> Don Porter wrote:
> > From: Donald E. Porter <porterde@cs.utexas.edu>
> >
> > In the bulk page allocation/free routines in mm/page_alloc.c, the zone
> > lock is held across all iterations. For certain parallel workloads, I
> > have found that releasing and reacquiring the lock for each iteration
> > yields better performance, especially at higher CPU counts. For
> > instance, kernel compilation is sped up by 5% on an 8 CPU test
> > machine. In most cases, there is no significant effect on performance
> > (although the effect tends to be slightly positive). This seems quite
> > reasonable for the very small scope of the change.
> >
> > My intuition is that this patch prevents smaller requests from waiting
> > on larger ones. While grabbing and releasing the lock within the loop
> > adds a few instructions, it can lower the latency for a particular
> > thread's allocation which is often on the thread's critical path.
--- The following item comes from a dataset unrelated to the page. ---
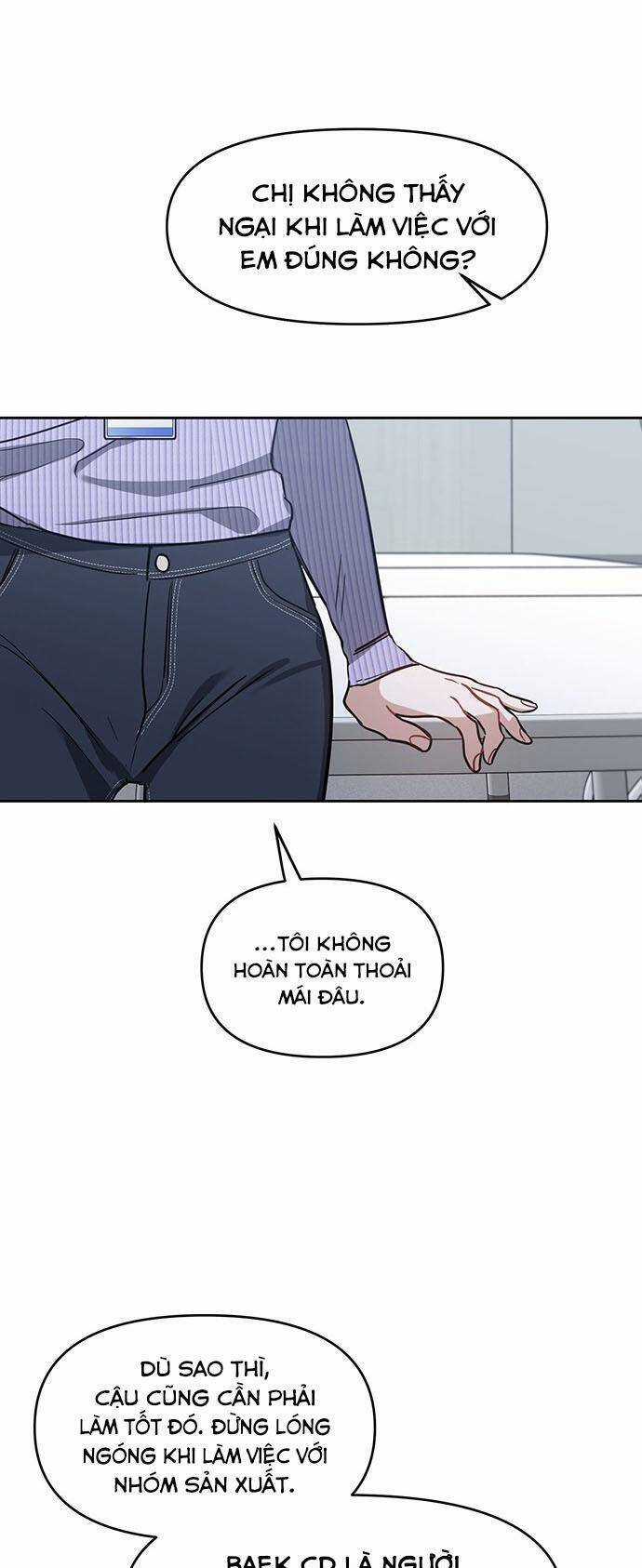 Vận Xui Chốn Công Sở - Chapter 54 - Trang 21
> > Lowering the average latency for allocation can increase system throughput.
> >
> > More detailed information, including data from the tests I ran to
> > validate this change are available at
> >
http://www.cs.utexas.edu/~porterde/kernel-patch.html .
> >
> > Thanks in advance for your consideration and feedback.
>
> That's an interesting insight. My intuition is that Nick Piggin's
> recently-posted ticket spinlocks patches[1] will reduce the need for this patch,
> though it may be useful to have both. Can you benchmark again with only ticket
> spinlocks, and with ticket spinlocks + this patch? You'll probably want to use
> 2.6.24-rc1 as your baseline, due to the x86 architecture merge.